There's also much cultural diversity within the Amazon rainforest. More than 400 different Indigenous groups call this region home—some are isolated tribes who choose to avoid contact with the outside world. 

The Critical Role of the Amazon

Covering 6.9 million square kilometers, and containing 10% of all biomass on Earth, the Amazon rainforest acts as a giant sponge, absorbing and storing massive amounts of carbon dioxide while emitting 20% of the Earth’s oxygen. Many scientists point out that because the forest sequesters carbon dioxide while producing oxygen on such a grand scale it “plays a critical role in the global carbon cycle that helps to shape the world's climate,” leading scientists to dub the Amazon as “the lungs of the world.”

A new theory suggests that the value of the rainforest is still widely understated. The latest research proposes that the Amazon is also the beating "heart of the Earth," as millions of trees work together as a kind of “biotic pump” that releases water vapor into the air.
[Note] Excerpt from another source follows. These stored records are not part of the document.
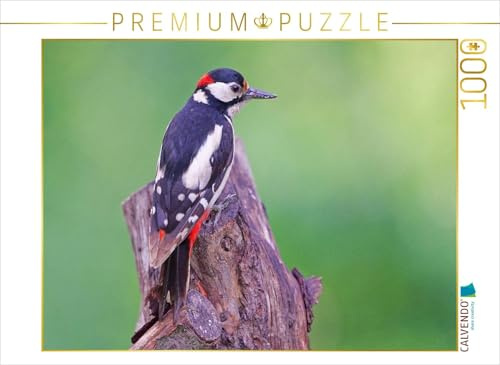 CALVENDO Puzzle Buntspecht | 1000 Teile Lege-Größe 64 x 48 cm Foto-Puzzle für glückliche Stunden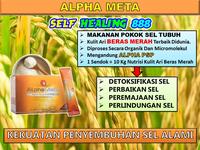 Gambar AlphaMeta (Alpha Meta Kemasan Sachet @ 10 Gram) dari Self Healing 888 undefined 4 Tokopedia
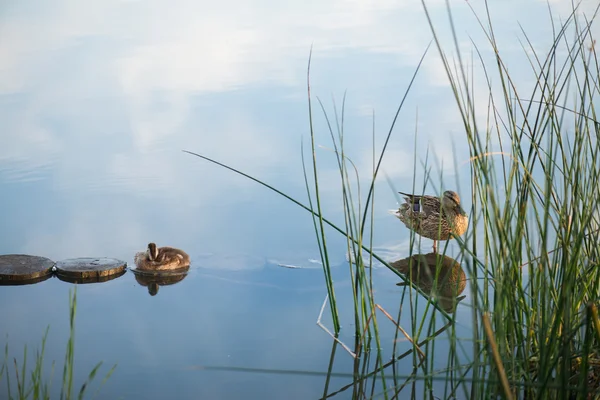 Kacsa- és őszén reggel tó fű, előtérben a kiskacsa — Stock Fotó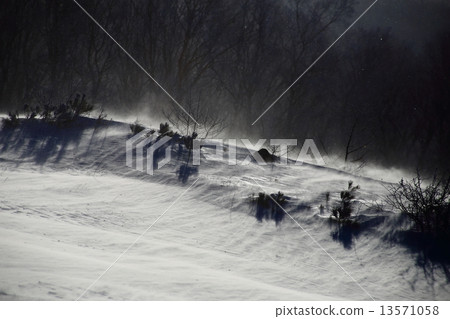 被強風吹的雪原 13571058
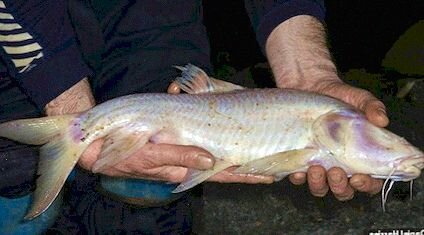 Слепые подземные ыбы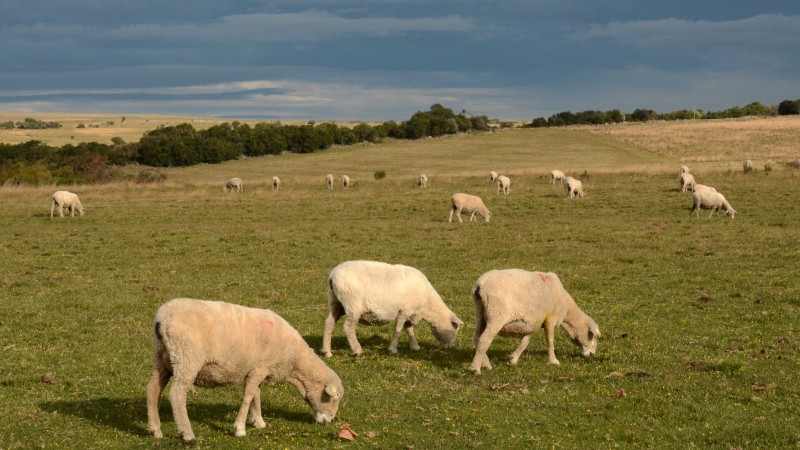campo com ovelhas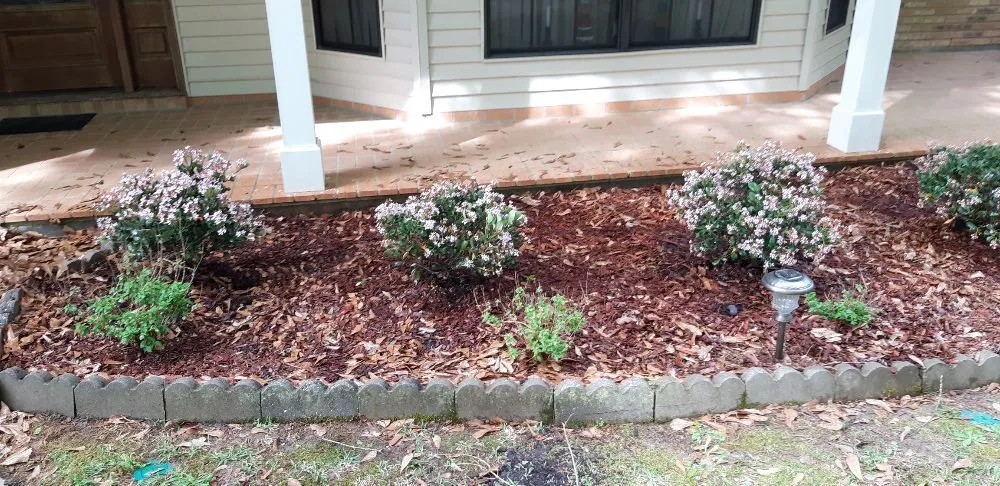 Affordable yard maintenance experts serving Picayune, MS - Easterling Brothers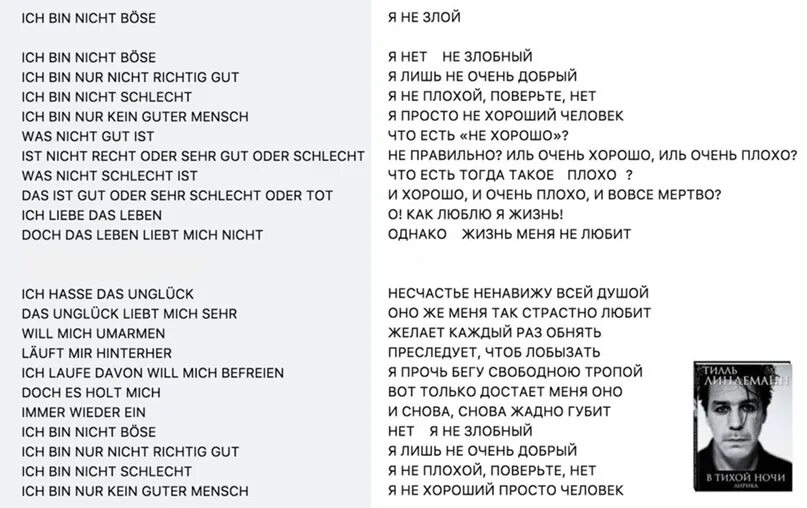 Песня рамштайн ду хаст на русском. Till Lindemann ich Hasse kinder текст. Тилль Линдеманн ich Hasse. Тилль Линдеманн о русских. Я не злой Тилль Линдеманн.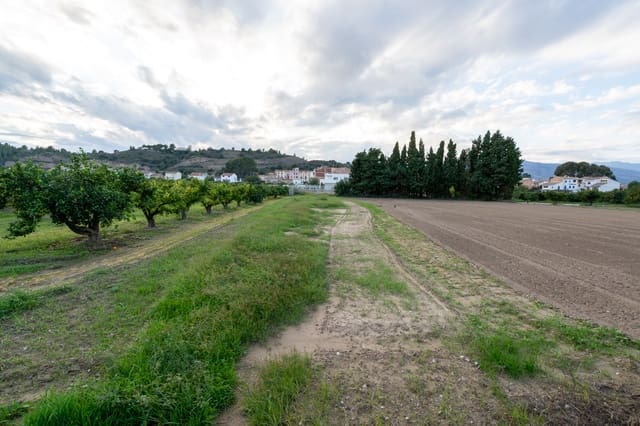 Finca/Casa di Campagna in vendita in Aldover - 23.000 € (Rif: 9356543)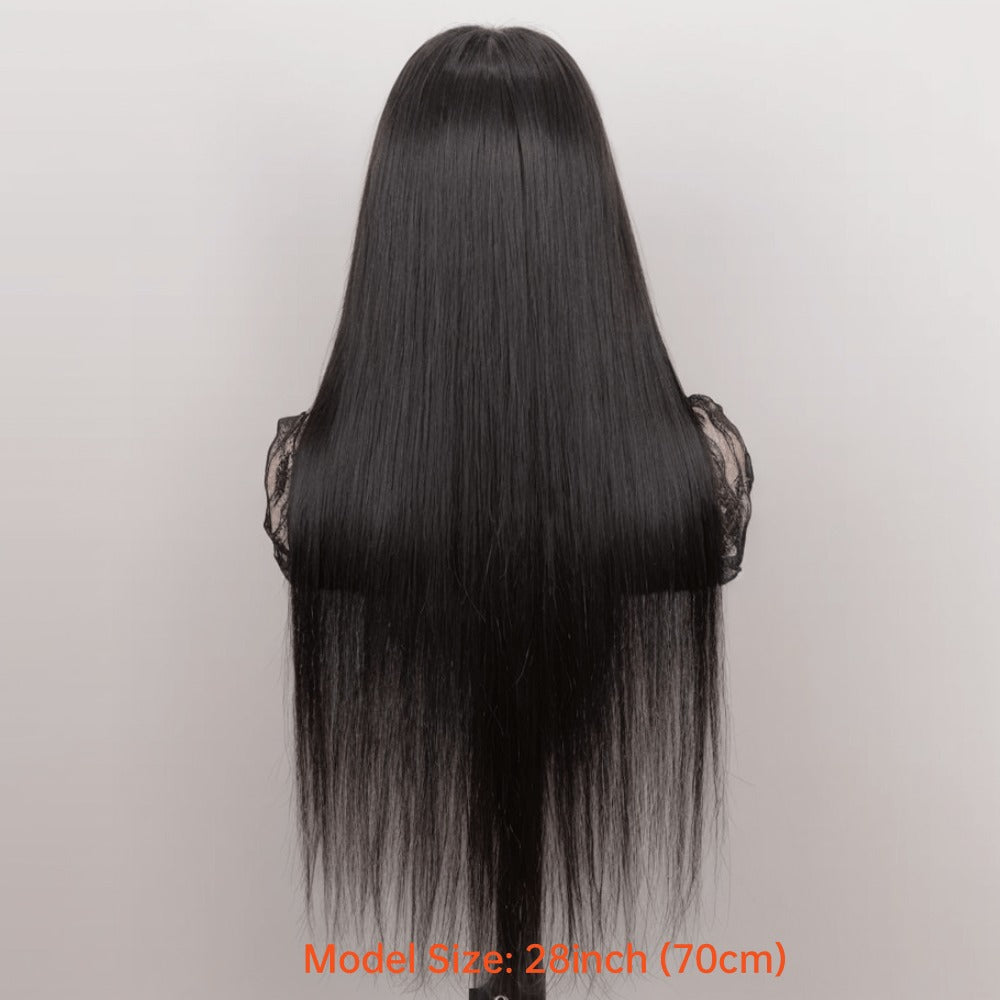 4x4 Lace Closure Wig Human Hair Straight Glueless Pre-Plucked Natural Hairline Black Straight Wig 12-28 Inch Women No Glue Easy Wear Versatile Parting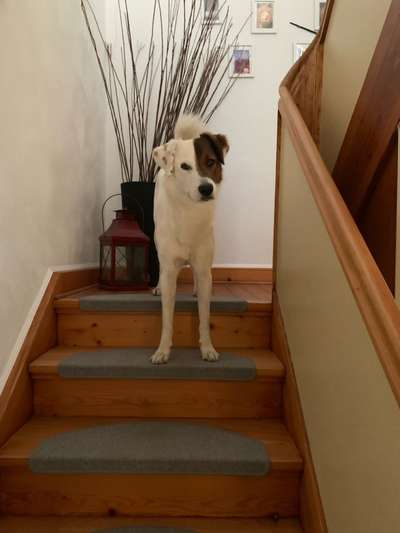 Wie kamst du zu deinem Hund?-Beitrag-Bild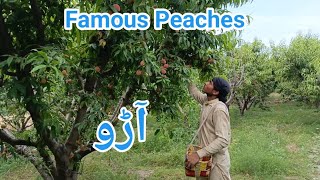 peaches of swat | peach in swat | peaches in swat garden | famous Peaches | chakdara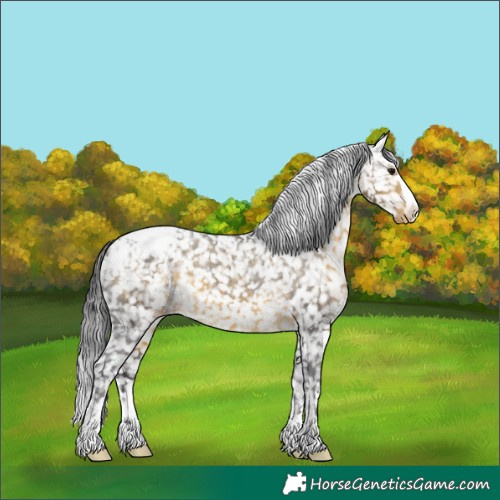 Horse Color:Buckskin Snowcap 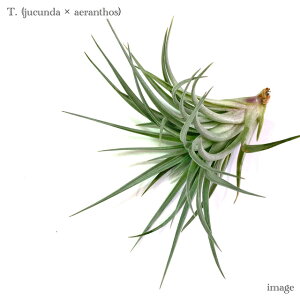 `WA z (WN_ × AGgX) (GA[vc eBWA ϗtA  Ǌ| CeA ~j ^ ^ ݂艺  hybrid jucunda × aeranthos)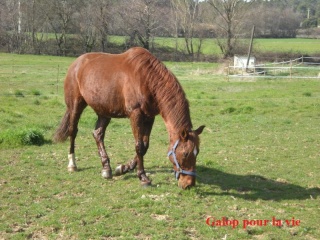 CUPIDON - ONC selle né en 1999 - adopté en juin 2011 - Page 3 Dscn9120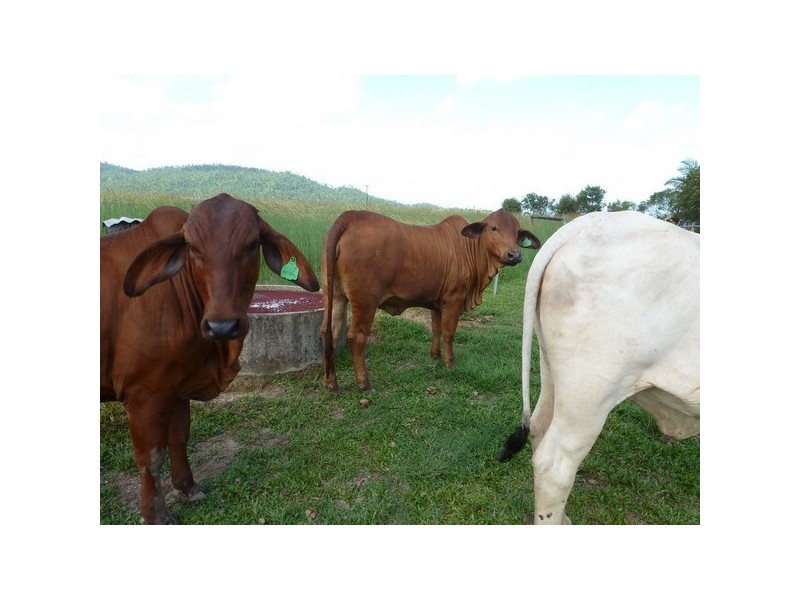 Walter Lever Estate QLD 4856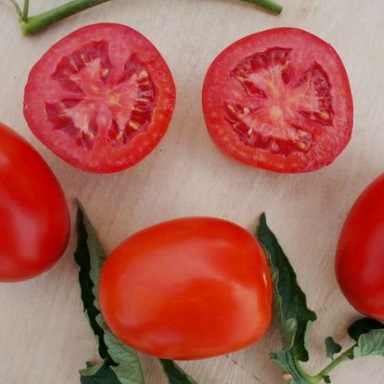Томат детерминантный Индио F1, 50шт семян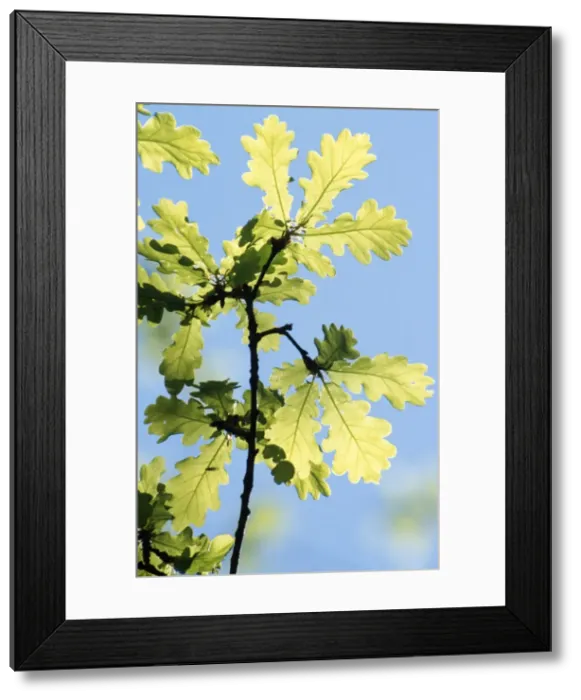 Framed Print : Pedunculate Oak Tree Leaves Framed Print : Pedunculate Oak Tree Leaves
This process creates “flying rivers” in the atmosphere that circulate water and weather patterns around the globe.

The Heart of the Earth

Originally conceived in 2007 by Russian scientists Anastassia Makarieva and Victor Gorshkov of the St. Petersburg Nuclear Physics Institute, the biotic pump theory questions the long-standing assumption that rainforests are a consequence of heavy rainfall. The theory contends that instead, some forested regions actually create the conditions necessary that lead to heavy rainfall. Makarieva and Gorshkov assert and claim to have proven that it is “condensation from natural forests” and “not temperature differences, that drive the winds which bring precipitation over land,” a mechanism in which the rainforest itself creates its own rainfall, bringing moisture to all terrestrial life.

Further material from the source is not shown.